## PROVIDED DATA
┄┄┄┄┄┄┄┄┄┄┄┄┄┄┄┄┄┄┄┄
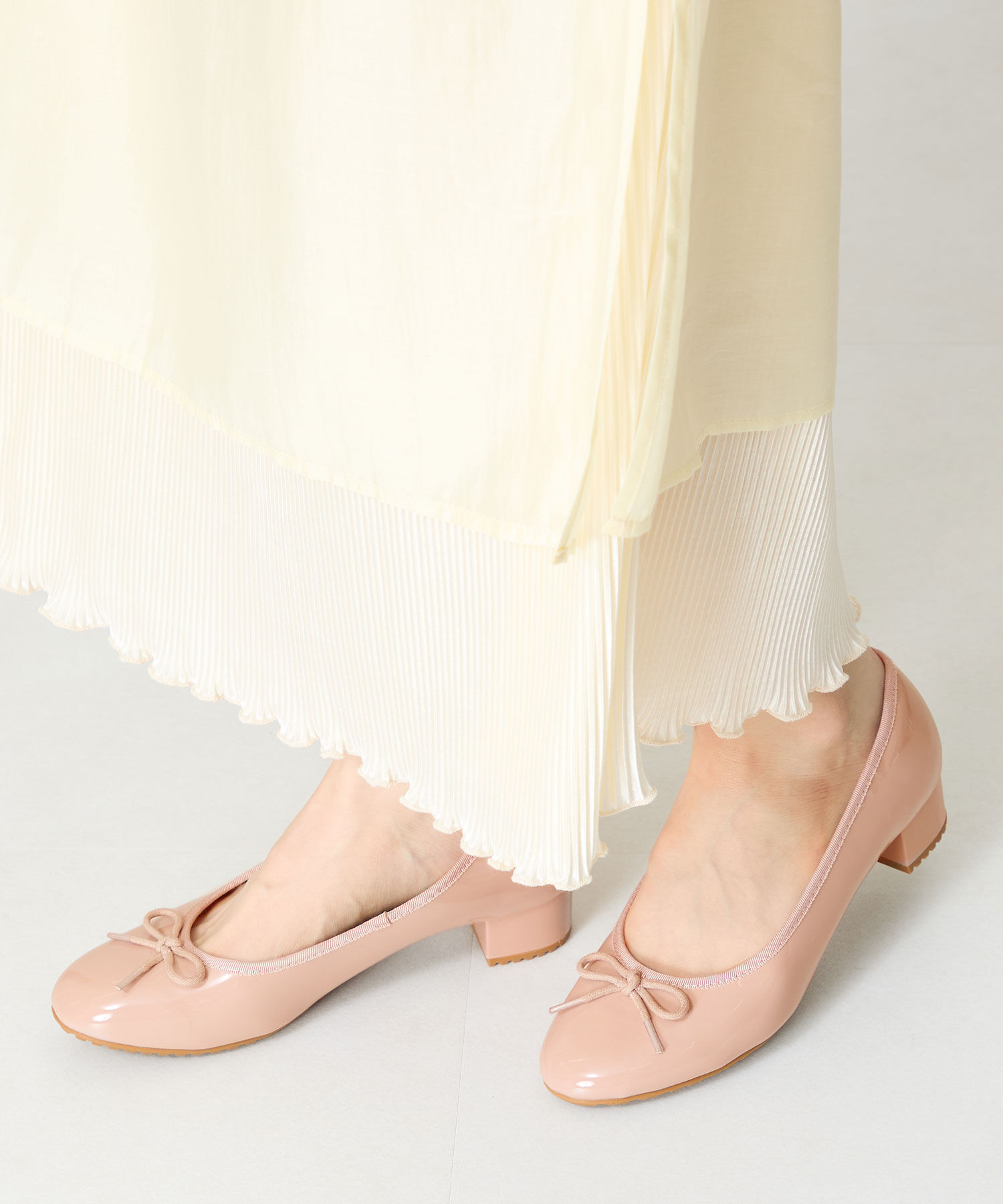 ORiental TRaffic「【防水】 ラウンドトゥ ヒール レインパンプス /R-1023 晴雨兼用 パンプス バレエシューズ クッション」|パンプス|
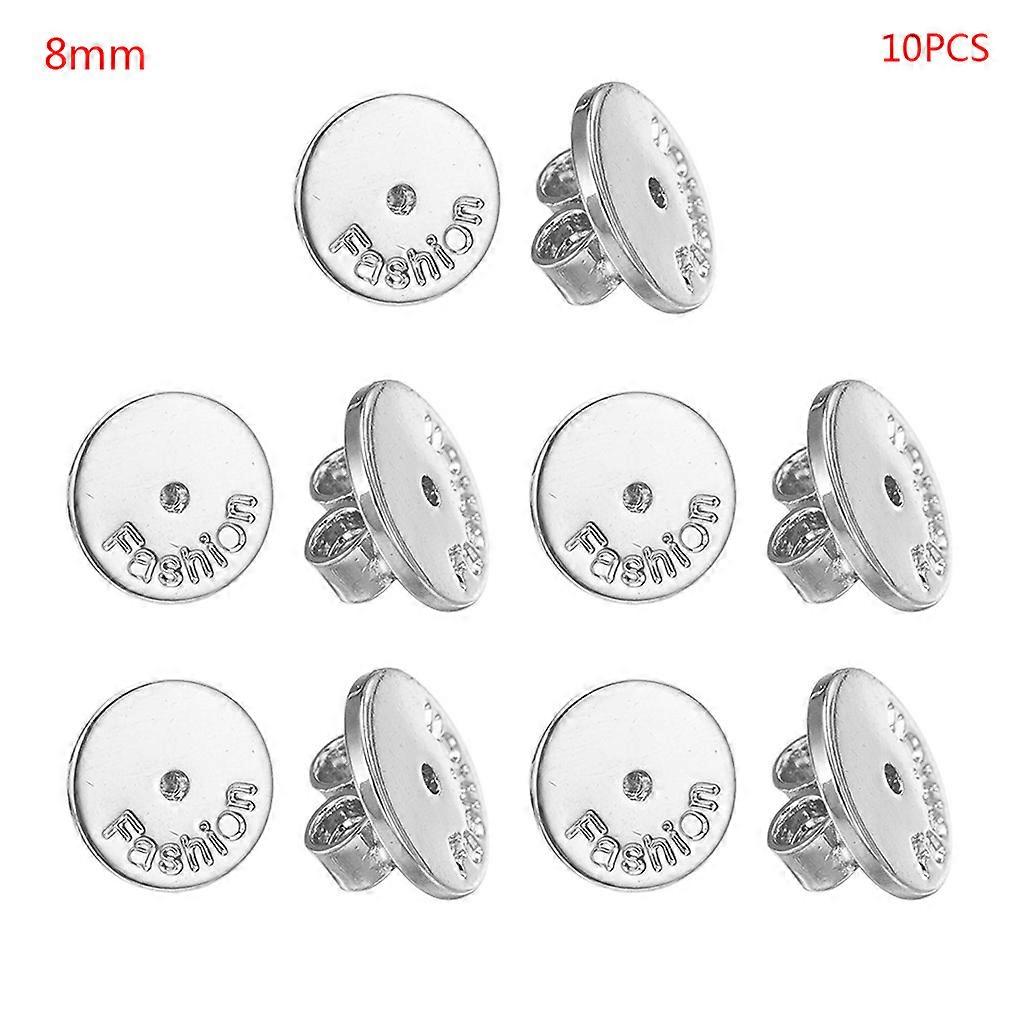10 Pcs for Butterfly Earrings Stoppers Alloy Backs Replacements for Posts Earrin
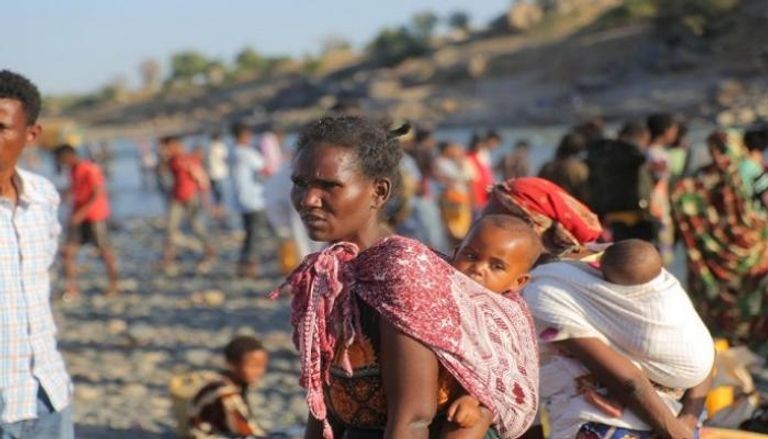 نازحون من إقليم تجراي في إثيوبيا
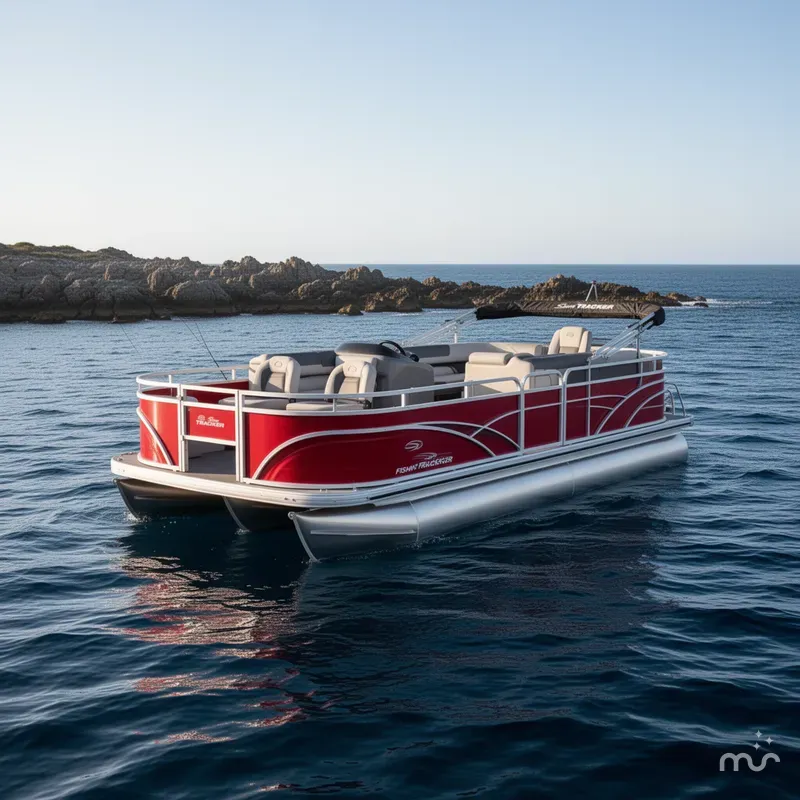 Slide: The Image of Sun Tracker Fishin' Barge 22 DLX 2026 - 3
┄┄┄┄┄┄┄┄┄┄┄┄┄┄┄┄┄┄┄┄
Print exactly the span of lines that begins with the line containing "10 Pcs for Butterfly" and ends with the last line of the listing, with no pictures.

10 Pcs for Butterfly Earrings Stoppers Alloy Backs Replacements for Posts Earrin
 نازحون من إقليم تجراي في إثيوبيا
 Slide: The Image of Sun Tracker Fishin' Barge 22 DLX 2026 - 3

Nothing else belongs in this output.